● YOUR OBJECTIVE: Return the complete listing exactly as it reads, with each picture removed.

● MATERIAL PROVIDED:
*** Block opens ***

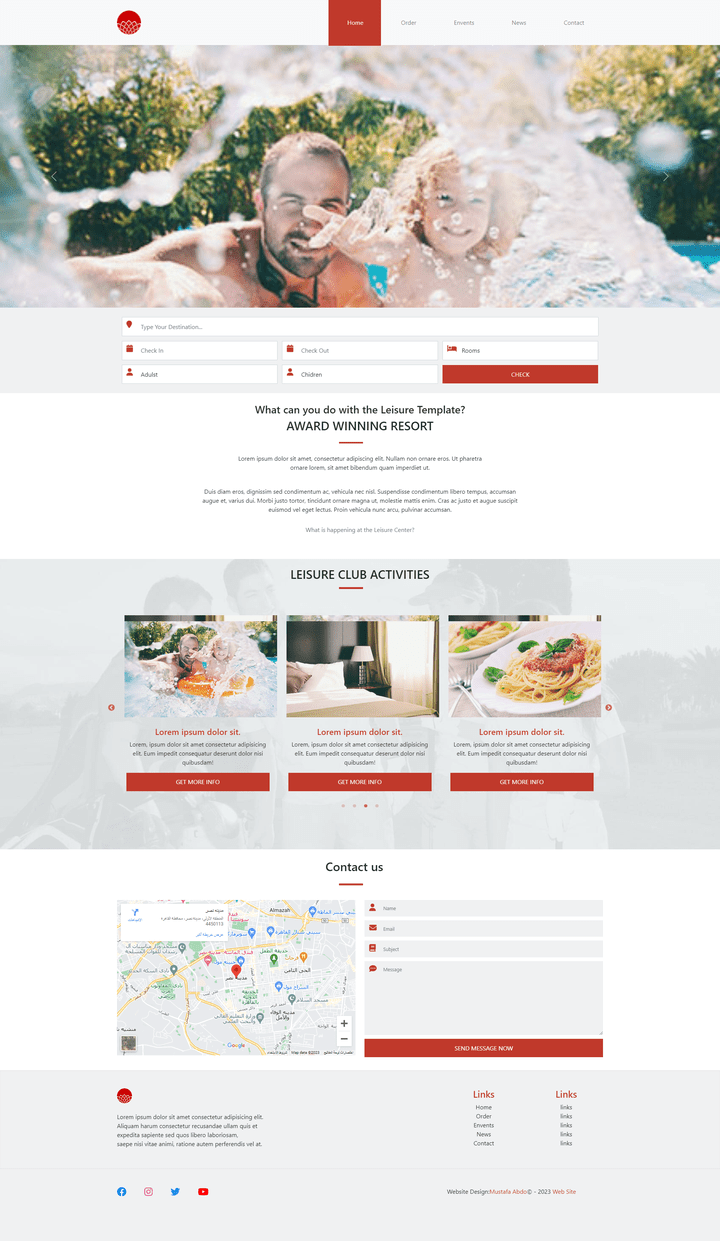 تصميم موقع فندق للحجز والإستعلام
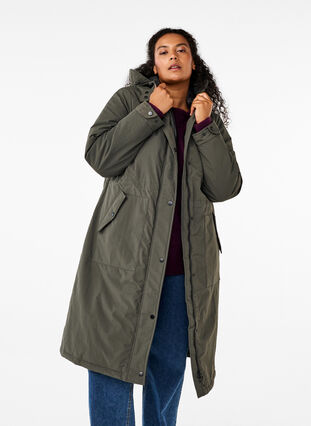 Zizzi Parka mit Kapuze und verstellbarer Taille, Black Olive, Model image number 0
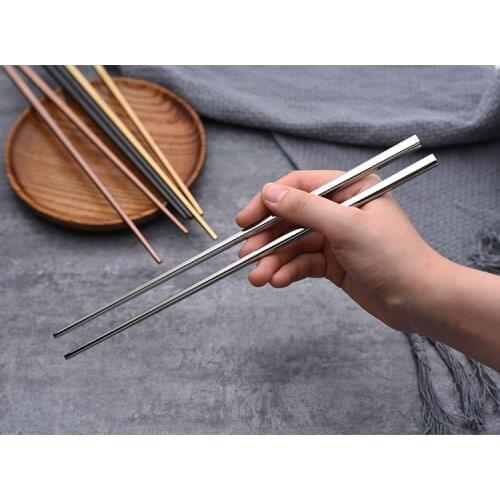 10 PCS Non-slip Stainless Steel Chop Chinese Metal Chopsticks For Party Instant Noodles Sushi Kimchi Kitchen Food Accessories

*** Block closes ***

● SOLVED EXERCISE:
 تصميم موقع فندق للحجز والإستعلام
 Zizzi Parka mit Kapuze und verstellbarer Taille, Black Olive, Model image number 0
 10 PCS Non-slip Stainless Steel Chop Chinese Metal Chopsticks For Party Instant Noodles Sushi Kimchi Kitchen Food Accessories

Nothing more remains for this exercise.